Without any pictures, retype exactly the lines that begin at the one holding "Anthropologie Beige White" and end at the last line of the data below.

»»

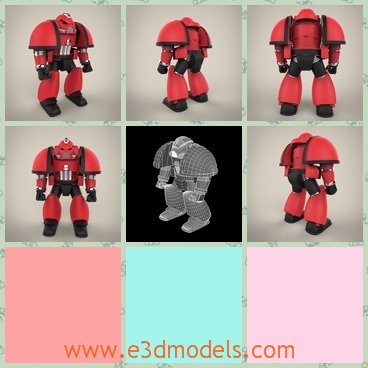 3d model an angry robot in red - This is a 3d model of an angry robot,which has strong arms and legs.Its head is small and short.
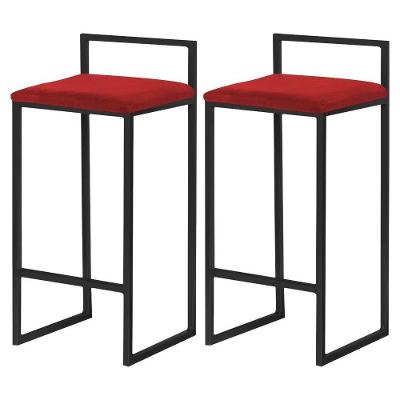 Kit 2 Banquetas Decorativa Base Preto Veludo Vermelho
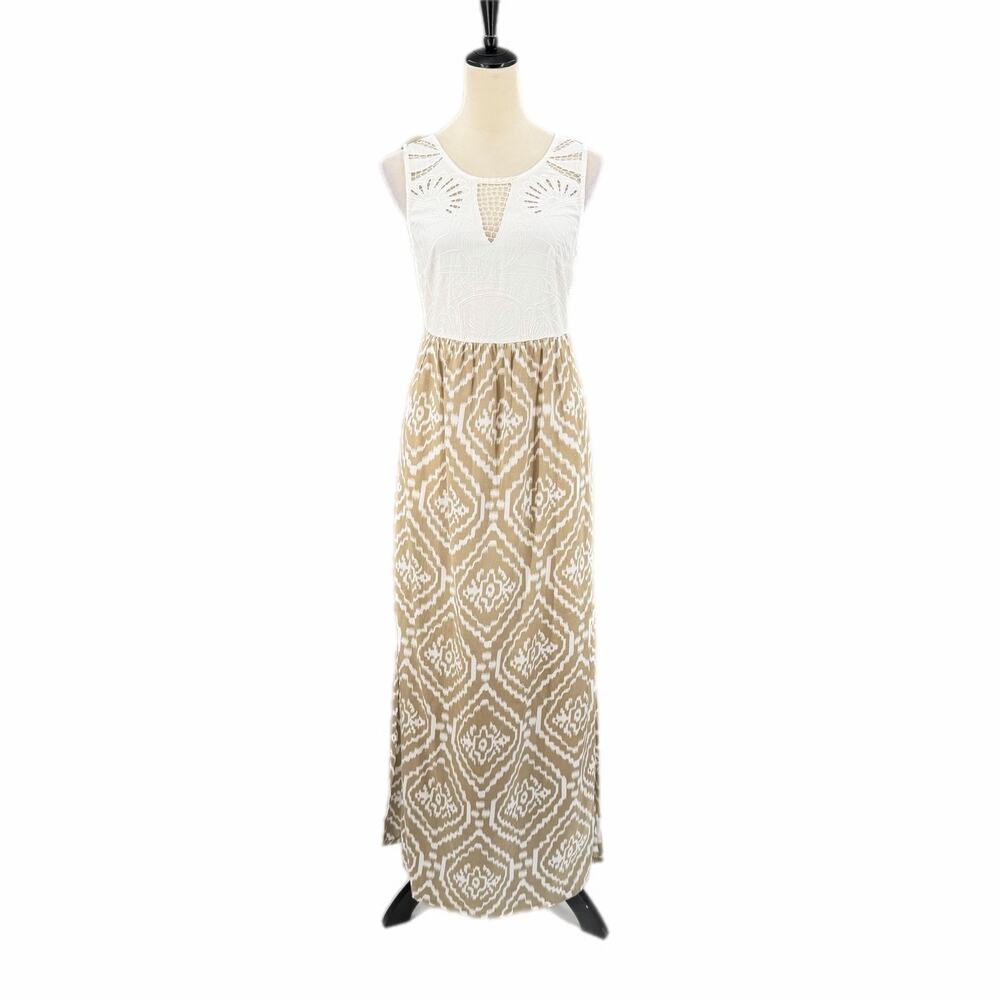 Anthropologie Beige White Cut Out Embroidered Ikat Boho Bohemian Slit Maxi Dress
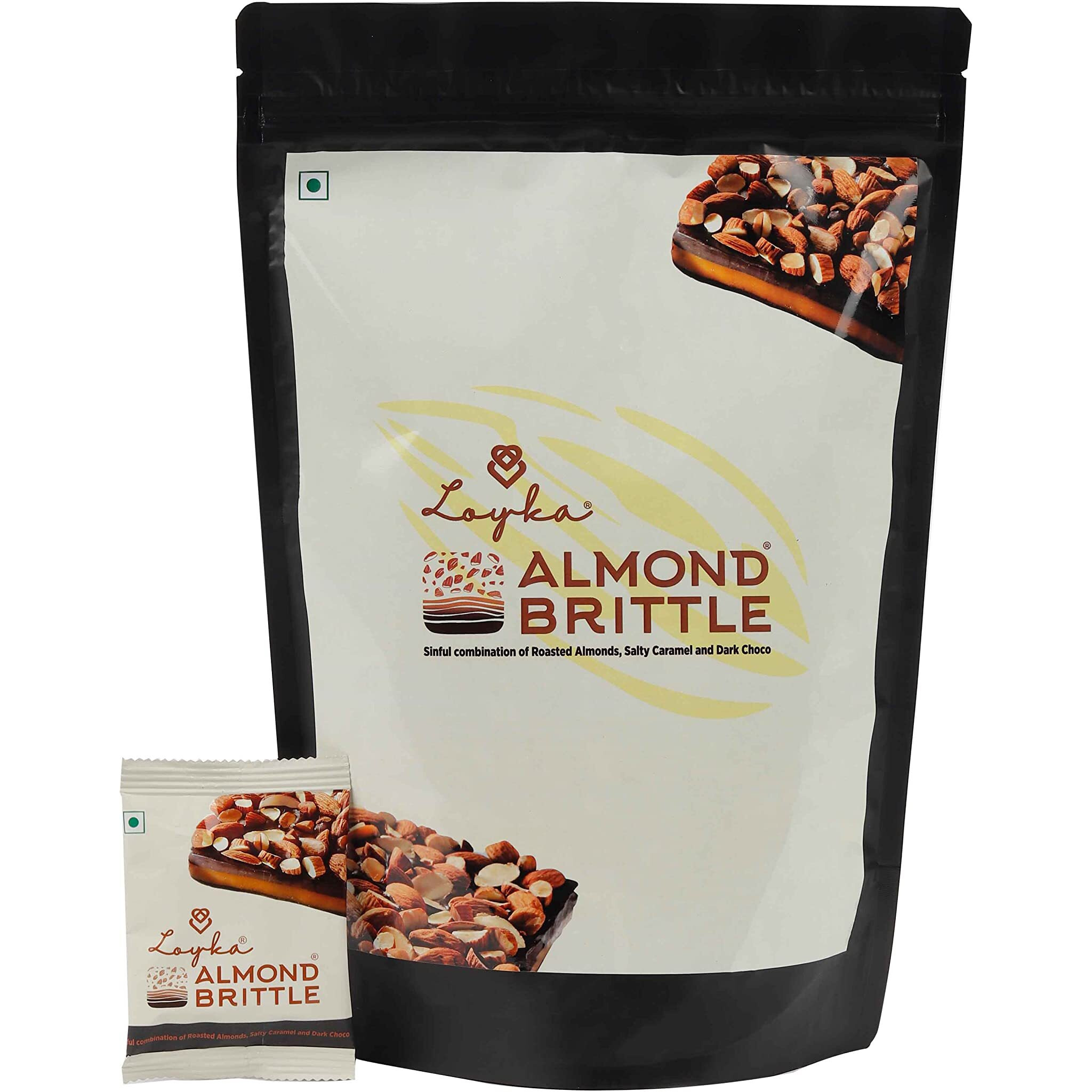 Loyka Almond Brittle Classic Choco Box - 2 packs x 25 pcs (1 kg) | Bulk Chocolate Pack | Return Gift - Friends, Family - Birthday, Wedding, Anniversary, Festival | 40% Roasted California Almonds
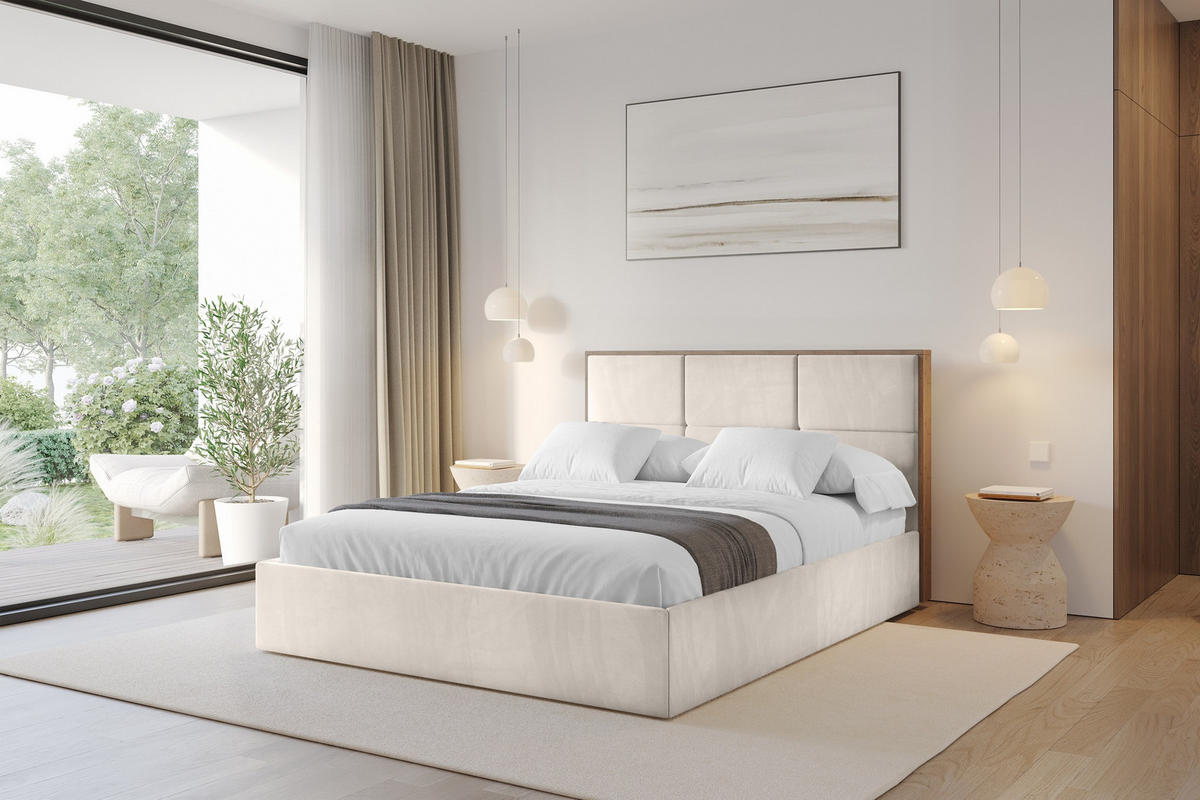 POLSTERBETT mit Bettkasten und Lattenrost, Bett mit Matratze H3/H4 - LILA 140x200 Beige - Greige, Holzwerkstoff/Textil (140/200cm) - ALTDECOR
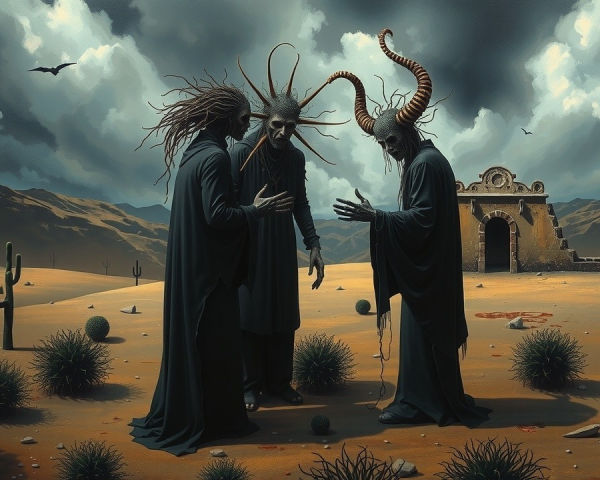 Surreal Desert Gathering of Eerie Hooded Figures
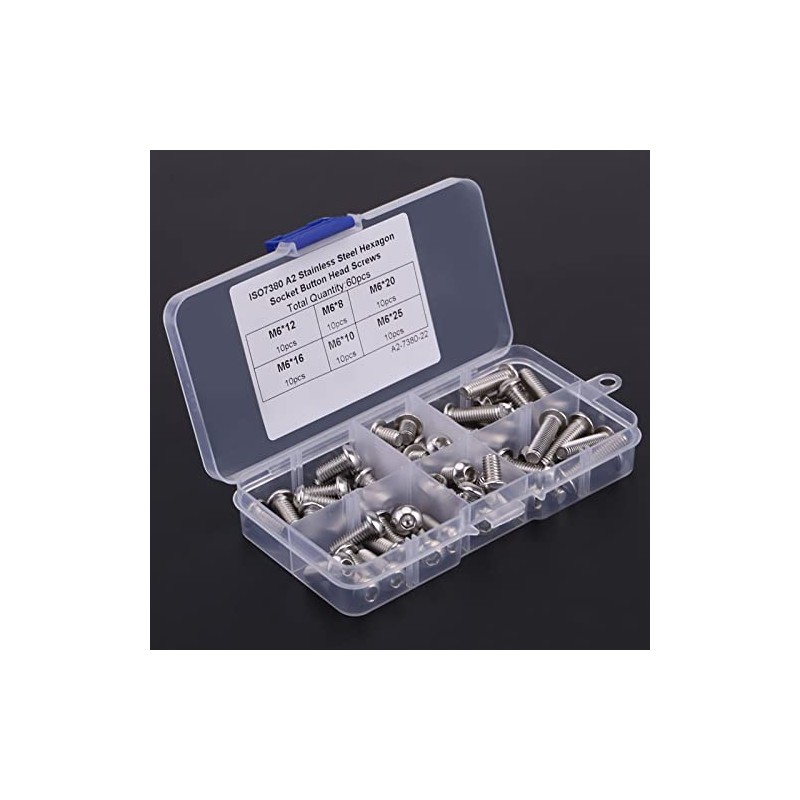 Cabeza Zócalo Tapa Tornillos,60pcs M6 Botón de acero inoxidable Botón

««

Response for this exercise —
 Anthropologie Beige White Cut Out Embroidered Ikat Boho Bohemian Slit Maxi Dress
 Loyka Almond Brittle Classic Choco Box - 2 packs x 25 pcs (1 kg) | Bulk Chocolate Pack | Return Gift - Friends, Family - Birthday, Wedding, Anniversary, Festival | 40% Roasted California Almonds
 POLSTERBETT mit Bettkasten und Lattenrost, Bett mit Matratze H3/H4 - LILA 140x200 Beige - Greige, Holzwerkstoff/Textil (140/200cm) - ALTDECOR
 Surreal Desert Gathering of Eerie Hooded Figures
 Cabeza Zócalo Tapa Tornillos,60pcs M6 Botón de acero inoxidable Botón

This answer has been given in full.